3.6 KiB
BACKLOG — phase dstamp
Build backlog (Builder-owned)
- Read phase plan + plan.md §6.1/§7/§9 + Adversary prep notes + stamp-relevant harness code.
- Establish abra's chaos-version mechanism from abra source @06a57de (= pinned binary).
- Rule out abra-version drift (constant store path since nixos system-4, 2026-06-01).
- Minimal reproductions of the git/abra chaos-version path (cp-a; go-git base; mirror-faithful) — all stamp the CORRECT head 7ae7b0f7, NO drift in current host state.
- Timeline: run 184 (06-05, solo) green @7ae7b0f; clustered 06-10/06-11 runs drift @ same ref.
- Identify shared-stack collision vector (
app_domain= hash(recipe|pr|ref); upgrade chaos_redeploy bypasses app-domain flock). - IN FLIGHT: single clean ISOLATED real run (install,upgrade @7ae7b0f, console-captured) → decide concurrency-artifact vs real drift.

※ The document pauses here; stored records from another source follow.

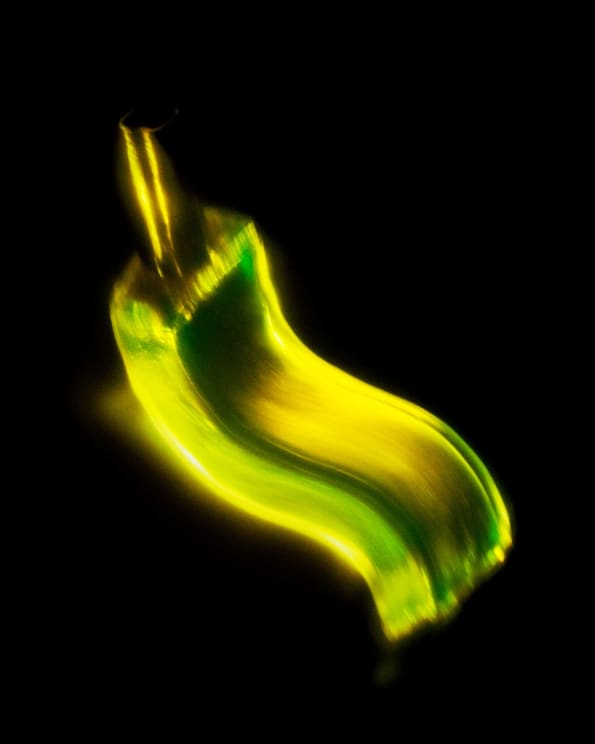 A Yellow And Green Lit Shape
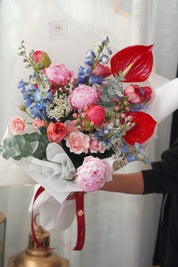 pink peonies and red anthurium luxury bouquet.A romantic symphony of blush pink and cream blooms with lush seasonal greenery. Hand-delivered floral gift in Mississauga, Toronto, and Oakville by Moon's Flowers.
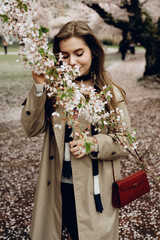 A fragile girl in a beige trench coat with a red handbag, smelling the delicate pink cherry...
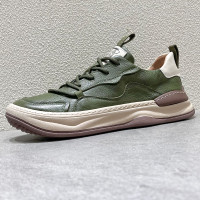 春季男鞋2023新款真皮男士休閒鞋設計師小眾歪頭小醜鞋低幫滑板鞋子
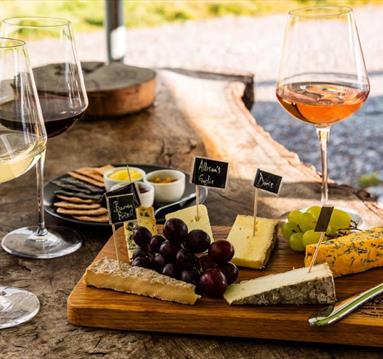 Cheese board with wine and crackers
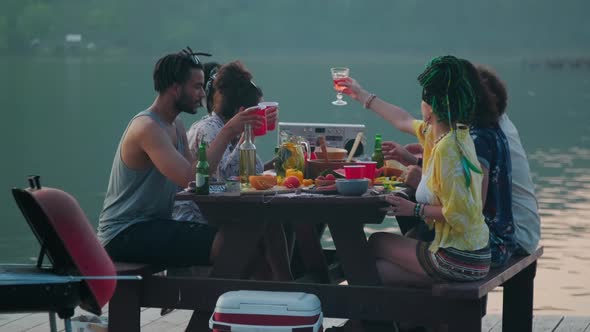 Young People Toasting and Drinking at Lake Party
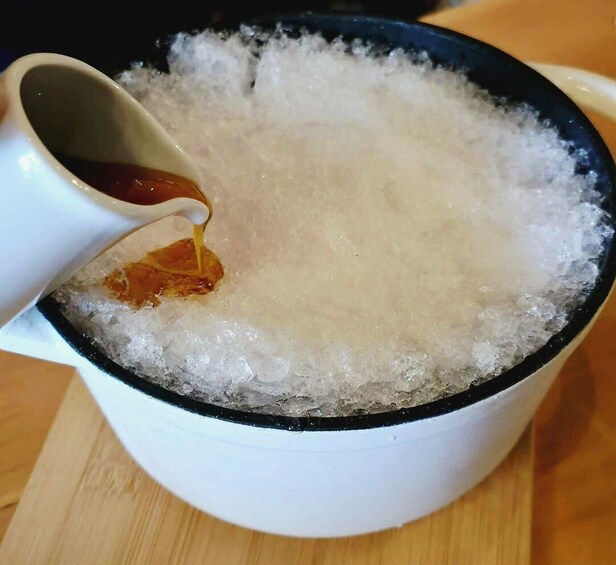 A white mug filled with ice and a dark liquid being poured into it. 1
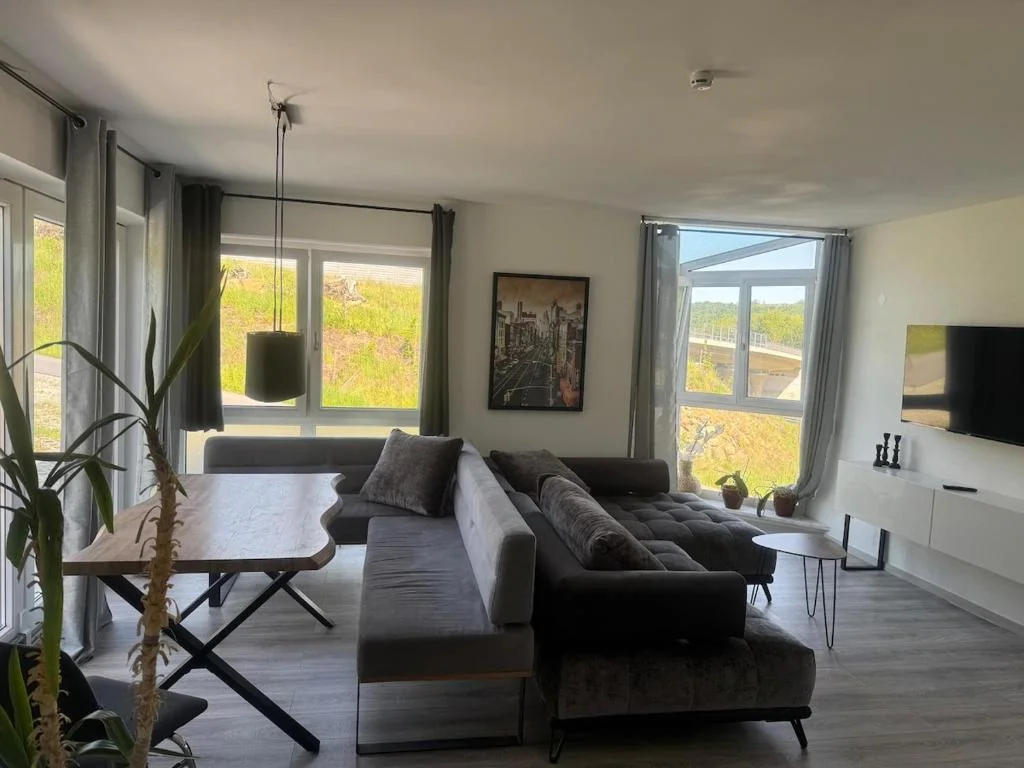 Wohnbereich mit Sofa, Esstisch und großen Fenstern — Casa Daniela Donau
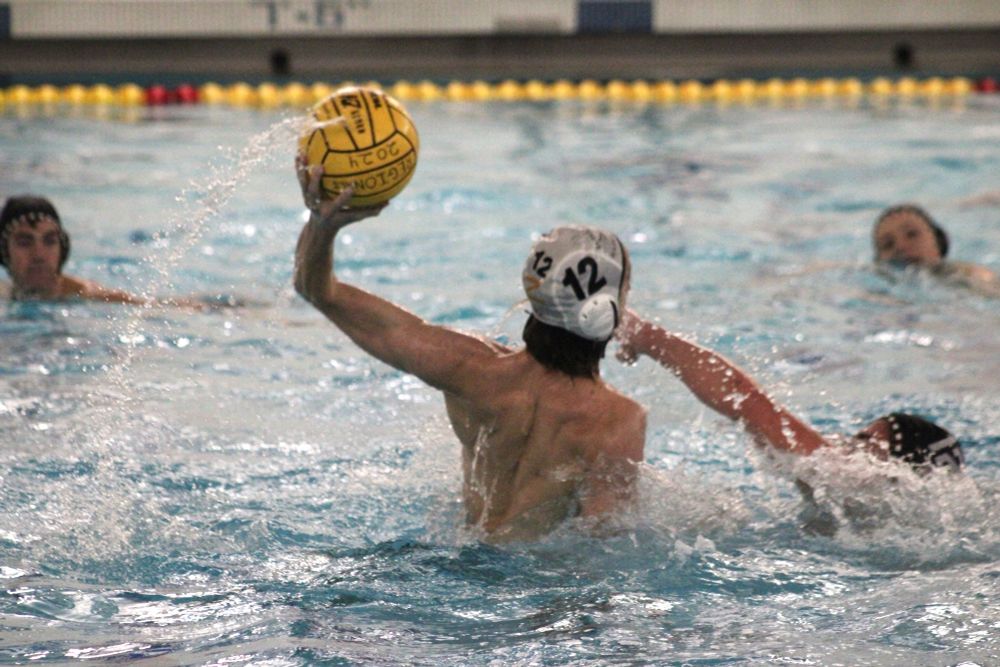 A male high school water polo player wearing a white cap #12 is rising up from the water holding a polo ball in preparation for a shot. The defender is swimming toward him with an arm ready to block.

- If concurrency artifact: pin the exact mechanism producing the
eb96de9+Uchaos label on the shared stack (deliberate 2-run concurrency repro if needed); decide the fix (app-lock the upgrade chaos_redeploy / serialize same-stack runs) WITHOUT weakening HC1. - If real env drift: read the isolated-run console, attribute the exact 06-05→06-10 change.
- Blast-radius sweep: every enrolled recipe's latest upgrade-tier evidence for the same signature (prev-base tag commit stamped where a version was expected).
- Restore discourse to its true level in real CI via the drone
!testmepath (M2). - Prove HC1 still has teeth (a deliberately wrong stamp still FAILs).
- Close the DEFERRED.md dstamp re-entry with pointers.
Adversary findings
Root cause independently confirmed @2026-06-11T17:3x (JOURNAL not read, anti-anchoring preserved):
Docker Swarm failure_action: rollback + order: start-first in discourse's compose.yml app
service (BOTH eb96de94 base AND 7ae7b0f PR-head). On the upgrade chaos redeploy, start-first
runs OLD + NEW tasks co-resident (~2× memory); the heavy Rails/precompile app fails swarm's 5s
update monitor under host memory pressure → rollback fires → app service spec reverts to
PreviousSpec (chaos-version=eb96de94+U). Because start-first kept the OLD task serving,
wait_healthy passed; deployed_identity read the rolled-back spec; HC1 misreported it as
"stamp mismatch" (the real failure was "new task failed the update monitor").
services_converged blind spot: "rollback_completed" not in blocking states → returned True.
Evidence: docker service inspect disc-ae10f0_..._app confirmed UpdateConfig: {On failure: rollback, Order: start-first, Monitoring Period: 5s}. repro1 (isolated, no concurrency) ALSO
showed drift → pure-concurrency hypothesis REFUTED independently before reading Builder evidence.
abra exonerated: abra reads git HEAD = 7ae7b0f and stamps 7ae7b0f7+U CORRECTLY. Three
bail-at-secrets repros + repro2 debug line confirm. The +U comes from compose.ccci.yml as
untracked file in per-run recipe dir (rcust-era overlay absent from run 184's pre-rcust path).
Fix 0cc31a5 assessed CORRECT: overlay sets order: stop-first (eliminates OOM 2×-memory
trigger); lifecycle.assert_upgrade_converged closes the wait_healthy blind spot by catching
"rollback_completed"|"rollback_paused"|"paused" and failing HONESTLY. HC1 unchanged.
Minor race window in assert_upgrade_converged (first poll could see "none" before Docker
starts the roll) is covered: with stop-first, a post-race rollback also fails wait_healthy.
No blocker. Formal verdict awaits Builder's claim(dstamp) commit.